To additionally test for respondent confusion, individual correlations were calculated between both versions of these 3 questions and 13 other questionnaire items about satisfaction with classroom experience, 12 of which were not varied across experimental treatments. Each of these items was expected to correlate positively with answers to these three test questions. If confusion existed among respondents and they did not change their answers, we would expect lower correlations between the 3 answer-box questions and the 13 other items, than for the polar point versions. All 13 correlations for each of the items using both formats were positive, but the mean correlation for the polar point format was .24, compared to only .14 for the answer box format. In only 4 of the 36 instances was the correlation between the 13 items and the test items higher for the answer box version. It was also observed that the mean difference for the correlations between versions for the first item (.16) was higher than the mean for the second (.10), with the third item reflecting the lowest mean difference (.03).

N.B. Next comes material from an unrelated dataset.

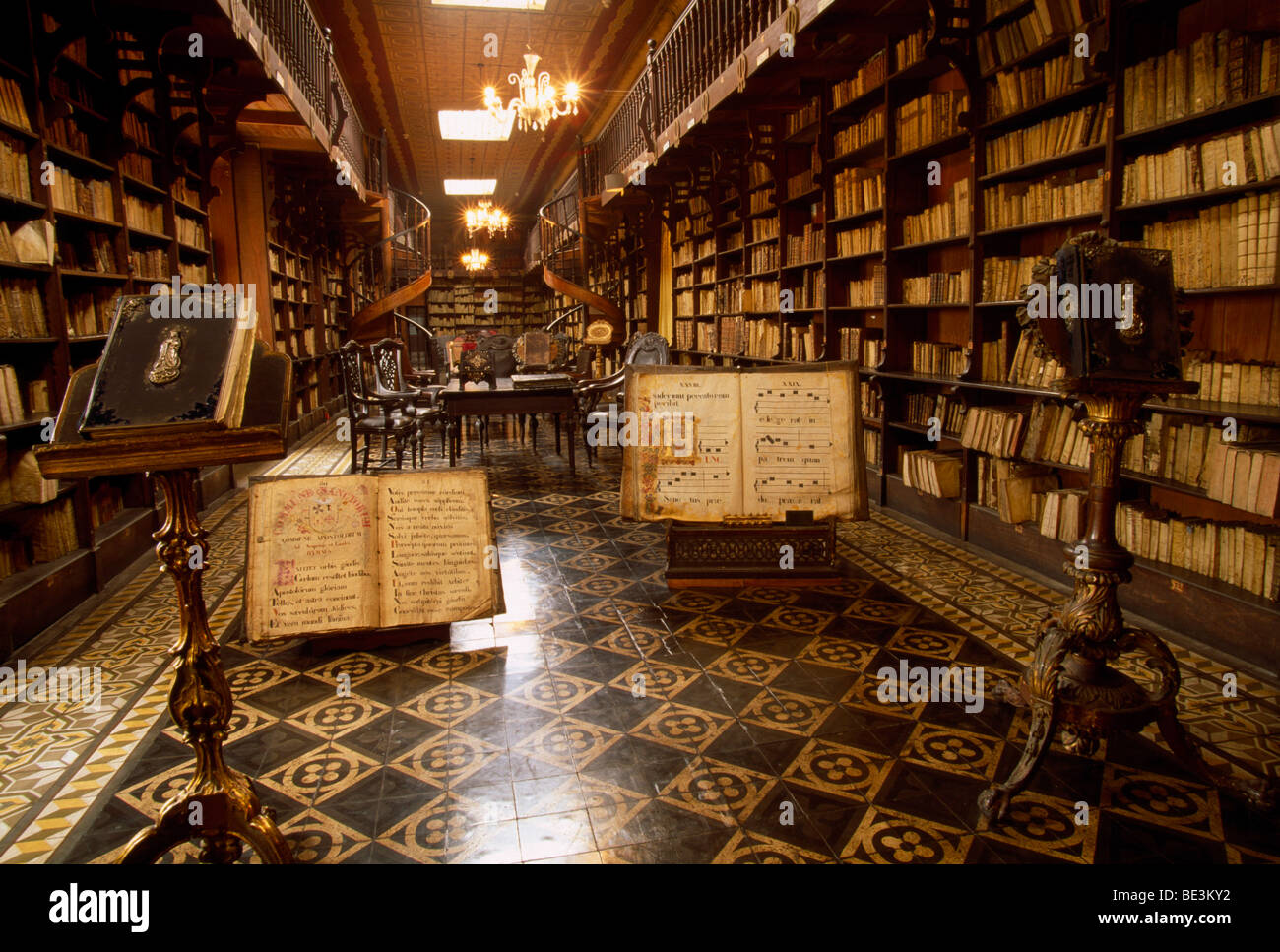 Library of the monastery of San Francisco, Lima, Peru, South America Stock Photo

This was consistent with the expectation that because of repetition respondents are less likely to make errors on the later items as they become accustomed to using the scale.
Discussion and Conclusions
Most previous work in survey methodology has focused on question wording as the sole conduit of question meaning. In this article, we have proposed that the use of graphical and symbolic languages communicate additional meaning to the respondent and can independently and jointly influence respondent behavior.

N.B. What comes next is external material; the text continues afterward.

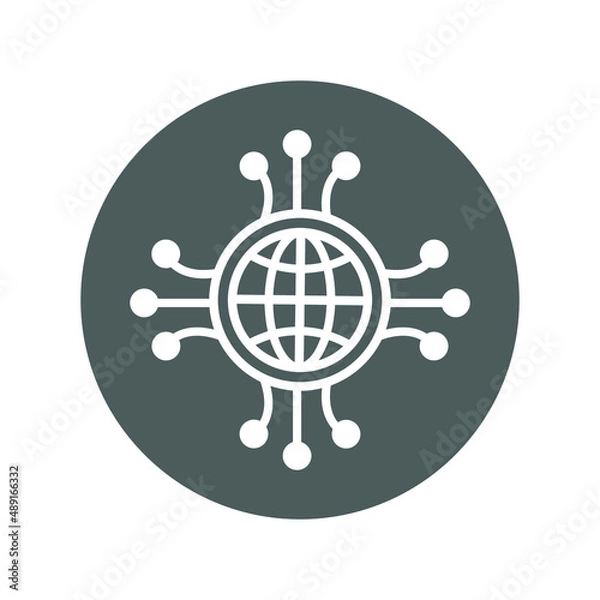 Fototapeta Global, technology, connection icon. gray vector sketch.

These 14 experimental tests of 7 hypotheses combine to form an initial analysis of how graphical and symbolic languages influence respondent behavior in self-administered questionnaires. Significant differences were found for all of the hypotheses (though not on every experimental item), and most of the remaining tests were in the expected direction. Our general conclusion is that the visual design of questions on self-administered questionnaires can significantly impact respondent behavior.

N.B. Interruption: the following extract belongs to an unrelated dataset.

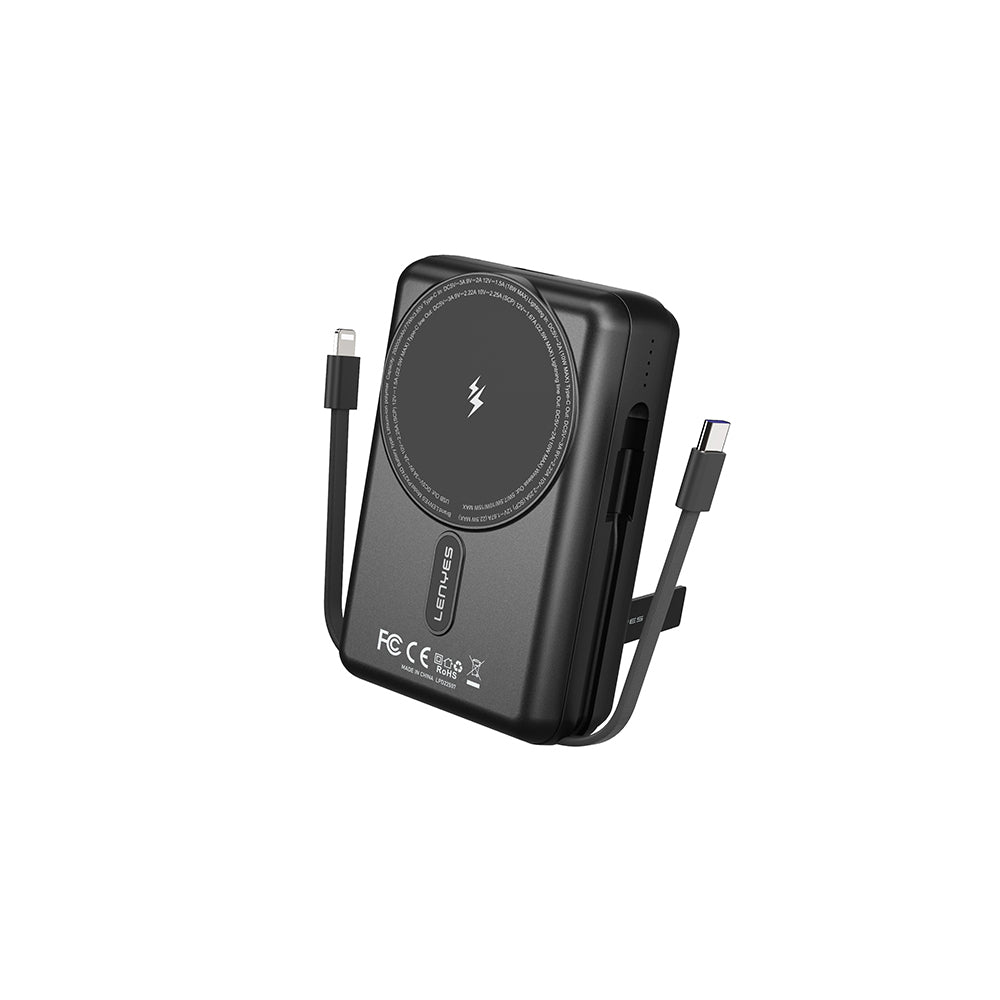 Lenyes PX274D PD 22.5W Standlı M-safe Şarj Özellikli Wireless Powerbank 15W 20000mAh Siyah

Individual and combined manipulations of visual languages can influence how respondents navigate through a self-administered questionnaire as well as influence answers to specific survey questions. Instructions can vary in their impact, depending on whether they are placed in the respondents navigational path or not. Directional arrows can help to guide respondents to subordinate questions. The amount of space provided in the questionnaire and how it is apportioned among response options can affect the way in which respondents choose answer categories and how much information they provide. Attempting to save space without careful consideration of the effects on how questions appear to respondents can lead to unintended consequences. Applying a response format suitable for one survey mode (answer boxes in telephone surveys) to another (the self-administered questionnaire) may lead to respondent confusion. The findings from this initial investigation highlight some of the possible effects of graphical and symbolic manipulation and provide a point of departure for further investigation.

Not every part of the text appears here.